All that is left of the Sylvia hive is her bottom board with a few homeless and unhappy bees. Many of these bees came home after the hive had left. We decided to leave them to their own resources, as they were likely to be most cranky and likely to sting us. The top deep off of Sylvia is going into storage for the time being. The little bit of nectar stored in the bottom of a few frames was left out in another part of the yard, where bees are busily taking it out and back to their hive. When they've cleaned out those frames, we'll store them, too.
Sunday, June 15, 2008
8 Shallow Frames of HONEY
Robbed the hive with very little problem. The fume board and the Fischer's Bee Quick emptied the bees out of the supers in only a couple minutes. The only effort was using the hive tool to pry the supers apart where the bees had industriously glued them together....and the heavy lifting. Wheelbarrow helped there. Had one super (pictured above) with capped honey on 8 out of 9 frames. Left the 9th frame intact and extracted the other 8.
Isn't that beautiful? The white is the beeswax capping they put over the honey when it is dehydrated to honey goodness.
We just sawed the cappings off with what is basically a very sharp bread knife. Went back over the low spots the knife didn't get with a cappings scratcher...something that looks like a metal version of a hair pick from the 70's. Sort of.
Put two frames at a time in the simple plastic extractor...

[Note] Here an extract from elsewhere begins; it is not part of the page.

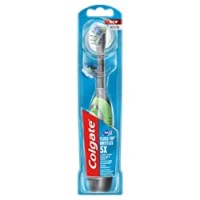 Colgate Spazzolino a Batteria 360 Floss-Tip 5X, con Pulisci Lingua per Rimuovere i Batteri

Turned the handle and spun it around....
And voila! The comb was empty and the honey was in the bottom of the extractor bucket.
Then opened the gate and let the honey flow through the filters into the bottling bucket.
You can see white comb remnants there in the filter. There are actually three filters on the bucket top.
If you look at the bottling bucket, you can tell that it is almost half full....just from 8 shallow frames. Tonight we let it settle, then tomorrow we put the honey into jars. Which reminds me...time to go to store for some jars!!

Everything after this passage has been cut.